Records for the task:
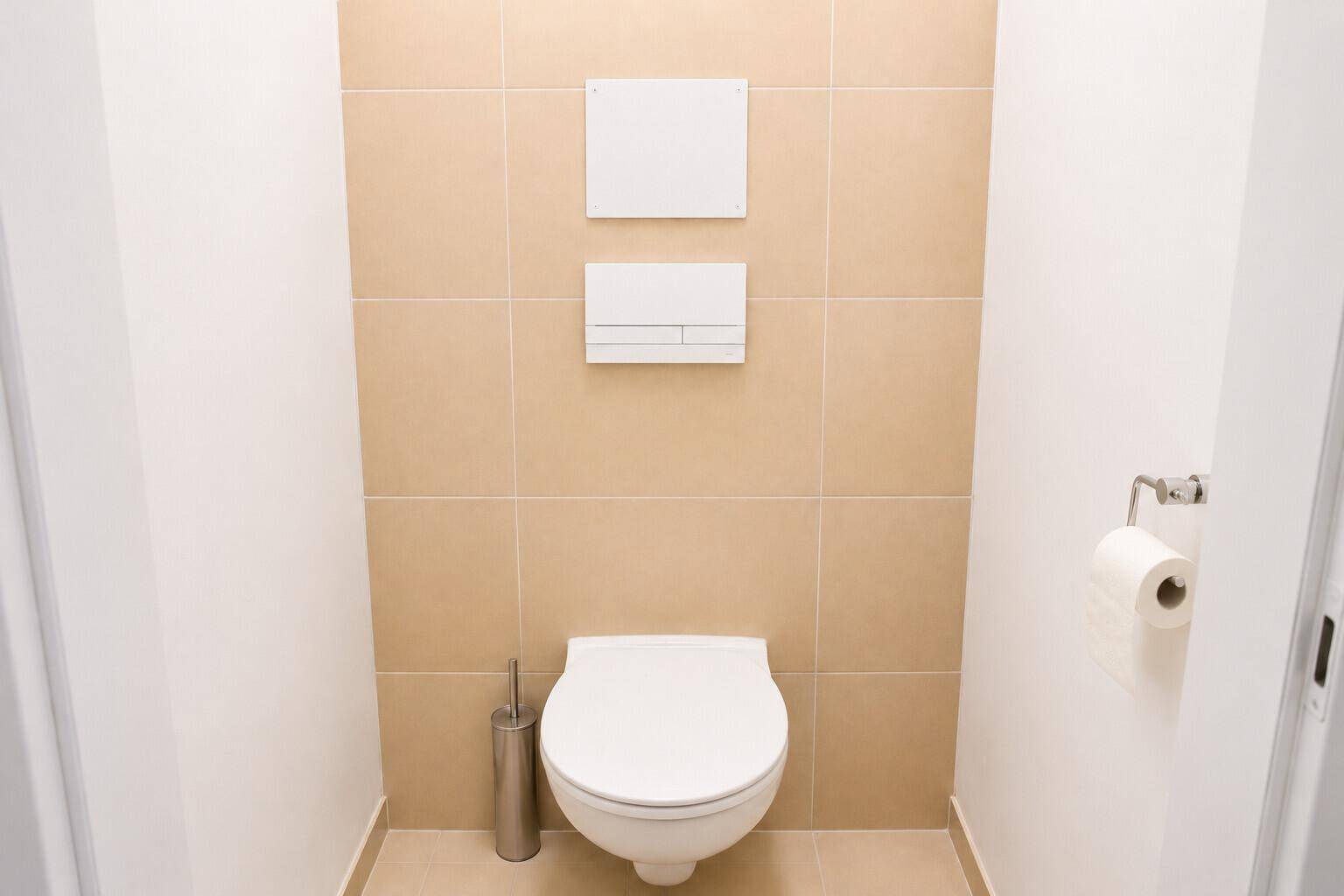Modernes separates WC mit wandhängender Toilette und beigefarbenen Fliesen an der Wand.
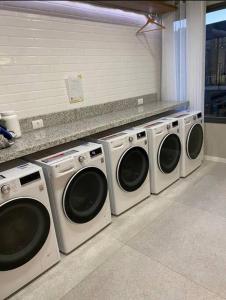 a row of washing machines in a laundry room at Loft Flow Parque Una com garagem! in Pelotas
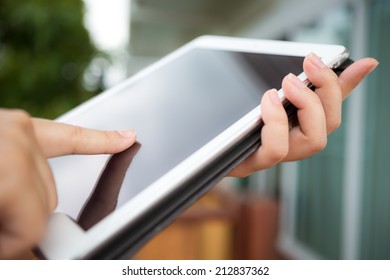 Hand hold white tablet - Shutterstock ID 212837362
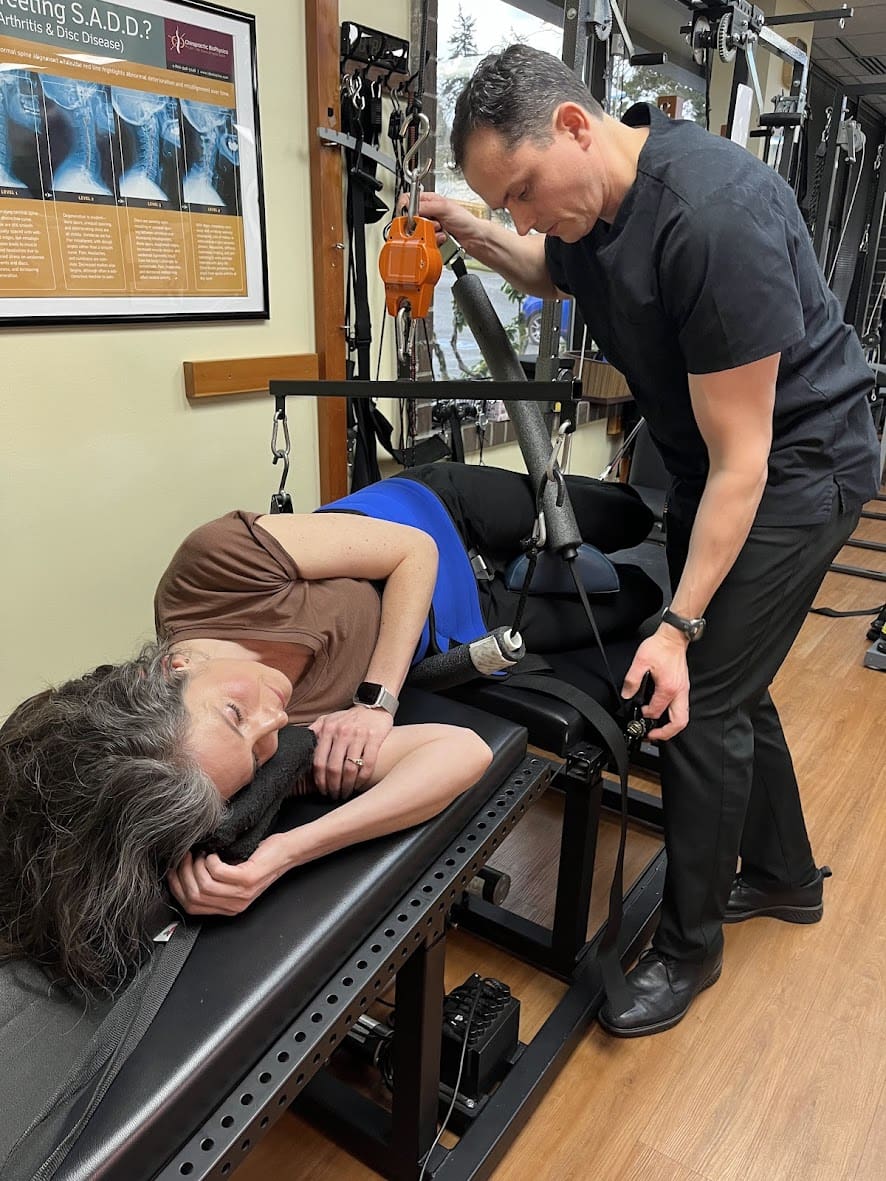 A woman lies on her side on a therapy table for lower back pain treatment, attached to a traction device, while a therapist in black adjusts the equipment in a clinical setting. The woman appears relaxed during the session.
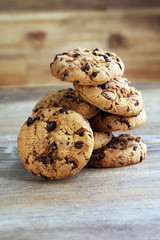 Chocolate cookies on wooden table. Chocolate chip cookies shot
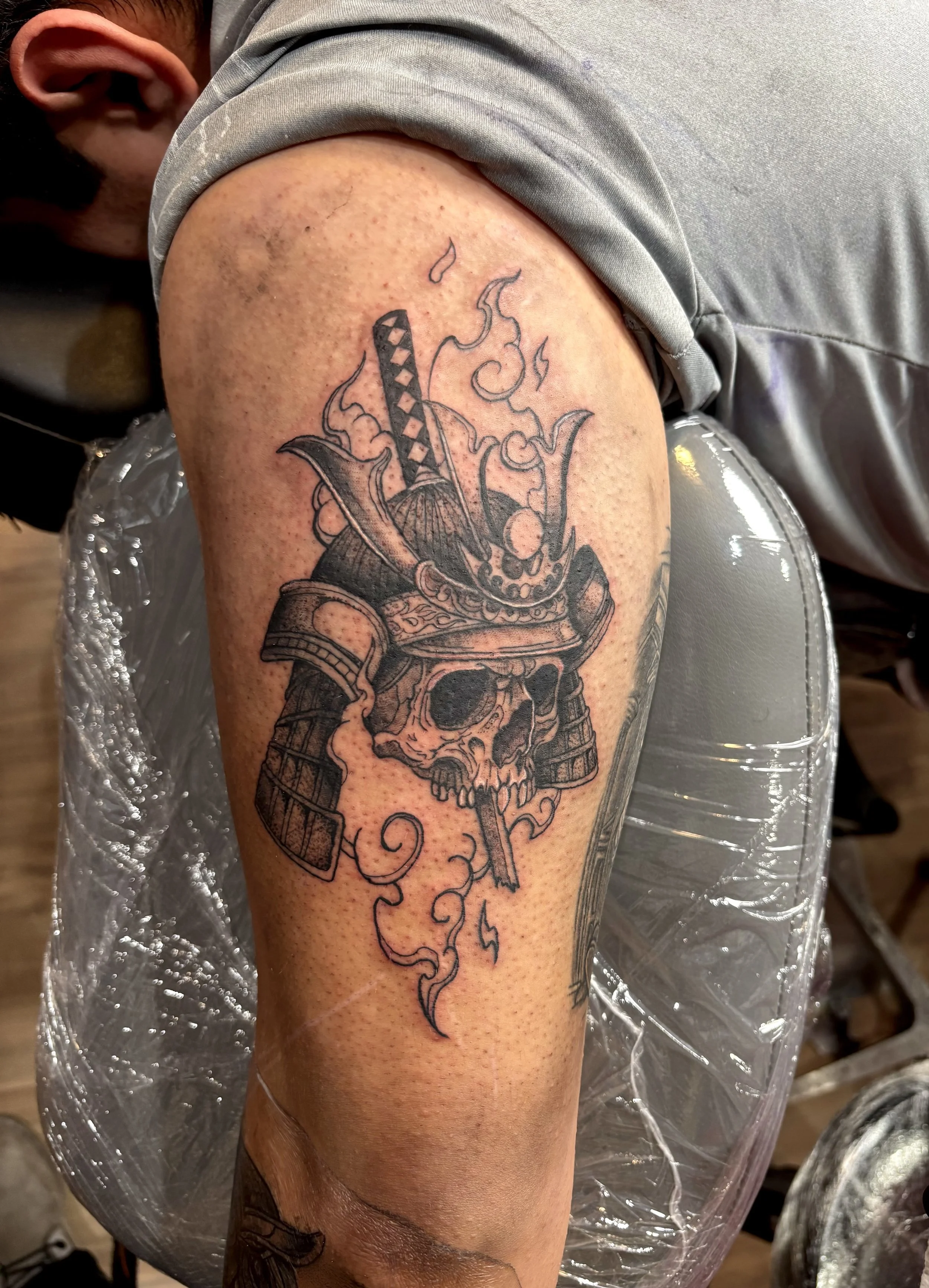 Tattoo of a skull with a sword piercing through it, with smoke and flame details around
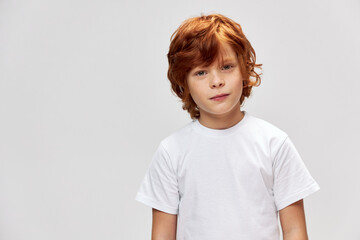 portrait of redhead boy freckles on face white t-shirt cropped view 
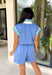This light blue romper is the ultimate mix of sporty and effortless for summer! Made from a buttery soft fabric, it’s designed for all-day comfort while still looking put together. The white and green stripe trim along the neckline and sleeves gives it that fun athletic vibe, while the quarter zip and collared neckline add a polished touch. With an elastic waist and side pockets, it’s as functional as it is cute.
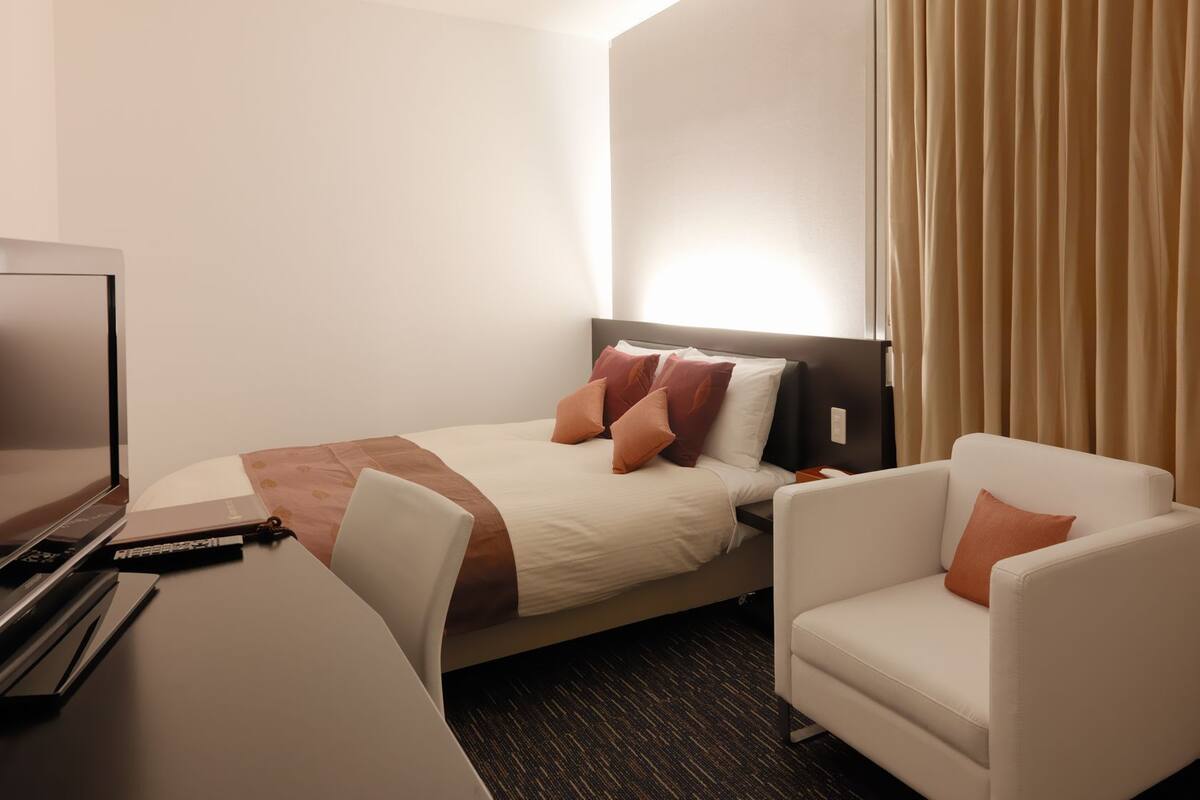 A hotel room with a bed, a desk with a television, a chair, and a curtain.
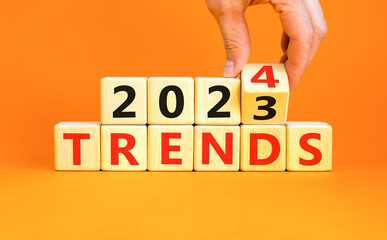 2024 trends new year symbol. Businessman turns a wooden cube and changes words Trends 2023 to Trends 2024. Beautiful orange table orange background, copy space. Business 2024 trends new year concept.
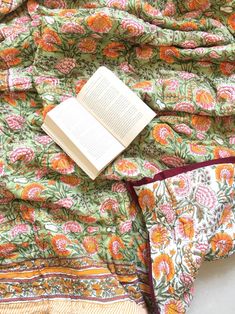 an open book laying on top of a bed next to a blanket and pillow cover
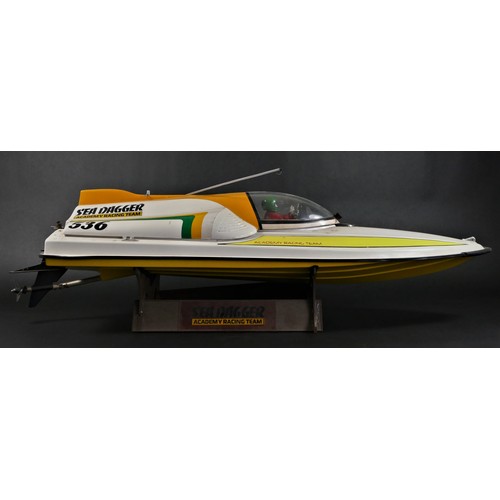 314 - Academy Sea Dagger, c.2000, a radio controlled speed boat, single screw out board motor, stand, 80 x... 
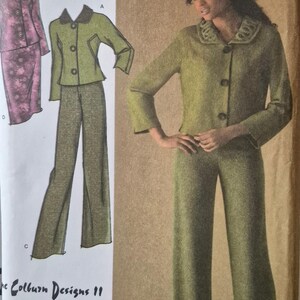 May include: A sewing pattern envelope for Colburn Designs 11 featuring illustrations of a jacket and skirt set in purple, and a jacket and pants set in olive green. The cover displays a photograph of a jacket and pants set in olive green.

Problem statement: Needed here is a verbatim copy of the data from the first line through the line with "portrait of redhead", without pictures.

Response area:
Modernes separates WC mit wandhängender Toilette und beigefarbenen Fliesen an der Wand.
 a row of washing machines in a laundry room at Loft Flow Parque Una com garagem! in Pelotas
 Hand hold white tablet - Shutterstock ID 212837362
 A woman lies on her side on a therapy table for lower back pain treatment, attached to a traction device, while a therapist in black adjusts the equipment in a clinical setting. The woman appears relaxed during the session.
 Chocolate cookies on wooden table. Chocolate chip cookies shot
 Tattoo of a skull with a sword piercing through it, with smoke and flame details around
 portrait of redhead boy freckles on face white t-shirt cropped view 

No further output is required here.